Une dose d’onirisme - enfin, la frange de l’onirisme - du féminisme- une bonne dose de féminisme - et un plaisir palpable à écrire, raconter, de la part de Maryse Condé.

»Cette histoire est inspirée d’un fait divers. A la Guadeloupe, en 1995, un bébé fut trouvé, la gorge tranchée, sur un tas d’ordures. Les imaginations allèrent bon train à travers le pays. La mienne comme les autres. »

Maryse Condé n’a pas peur de nous faire voyager puisque Célanire Pinceau, c’est le nom de notre omniprésente (pour ne pas dire omnipotente !) héroïne, a été éduquée religieusement (elle est une oblat ; entendre une religieuse qui n’a pas prononcé ses vœux) à Lyon, venant de Guadeloupe, mais arrive à Grand Bassam (Côte d’Ivoire) en 1901 quand commence le roman, rebondit à Cayenne et revient en Guadeloupe où elle reste fixée après un petit crochet au Pérou.
Célanire porte en permanence un foulard autour du cou et c’est longtemps après que le roman soit entamé qu’il nous sera dit formellement que c’est pour cacher la cicatrice d’un cou coupé. Un cou coupé quand elle était un bébé !
Mais Célanire n’est plus un bébé. C’est une femme bien éduquée, intelligente, et surtout, très déterminée. L’objet de sa détermination ne se dévoilera que progressivement, comme un brouillard qui a beaucoup de mal à quitter la rive d’un fleuve, même si l’on se doute bien qu’il doit y avoir un rapport avec son cou coupé.
L’histoire n’est pas si facile à suivre, au moins pour la partie qui fait appel à des retours en arrière afin de permettre au lecteur de saisir les lignes de force des actions de Célanire.
Personnage hors du commun, aux pouvoirs de séduction et d’action qui frisent l’occulte, on a du mal à se faire une projection mentale de Célanire. D’autant que (déjà dit) elle est extrêmement déterminée et partant ne s’embarrasse pas de scrupules.
Pour le personnage j’ai pensé à Hillela, dans « Un caprice de la nature », de Nadine Gordimer. Même égérie féminine qui surmonte tous les obstacles sans s’embarrasser de sentimentalisme, femme de pouvoir. (tiens, les deux romans ont été écrits par des femmes !)

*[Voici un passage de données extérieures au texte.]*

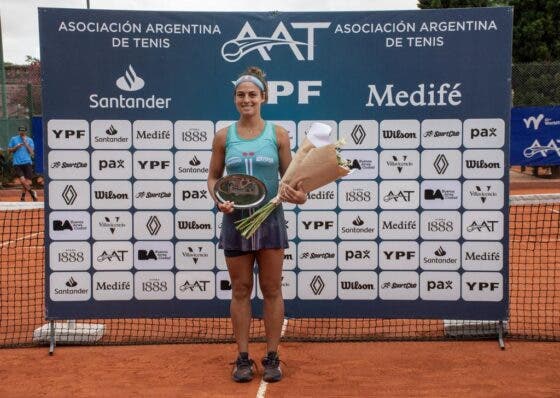 Em seu primeiro torneio do ano, Carol Meligeni conquista maior título da carreira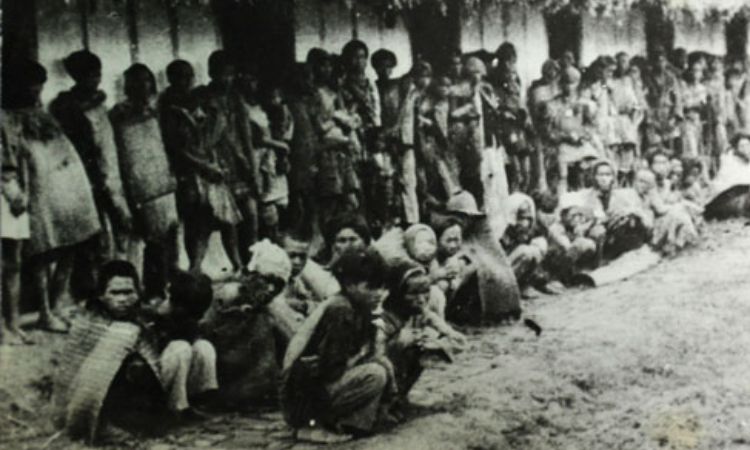 Người dân đang tụ họp chờ xin lương thực sau thời gian đói dài năm 1945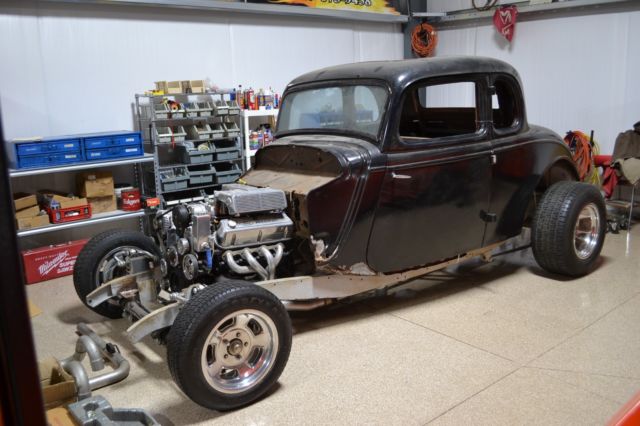 1933 Ford Coupe 5 Window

»C’est que simplement l’oblat n’était pas ordinaire. Elle ne parlait guère. Elle ne semblait pas curieuse, excitée comme ses compagnes, impatientes de commencer leur apostolat.En plus, sa couleur la mettait à part, cette peau noire qui l’habillait comme un vêtement de grand deuil. Elle n’était pas franchement négresse. Plutôt métisse d’on ne savait combien de races. Elle ne portait pas l’habit religieux, n’ayant pas prononcé de vœux. Elle était vêtue d’une stricte robe grise et portait, autour du cou, un foulard coupé en deux par un ruban qui soutenait une massive croix en or. Hiver comme été, matin, midi et soir, elle ne quittait jamais ce foulard, toujours noué serré, assorti à la couleur de ses vêtements. D’où sortait-elle ? De la Guadeloupe ou de la Martinique. »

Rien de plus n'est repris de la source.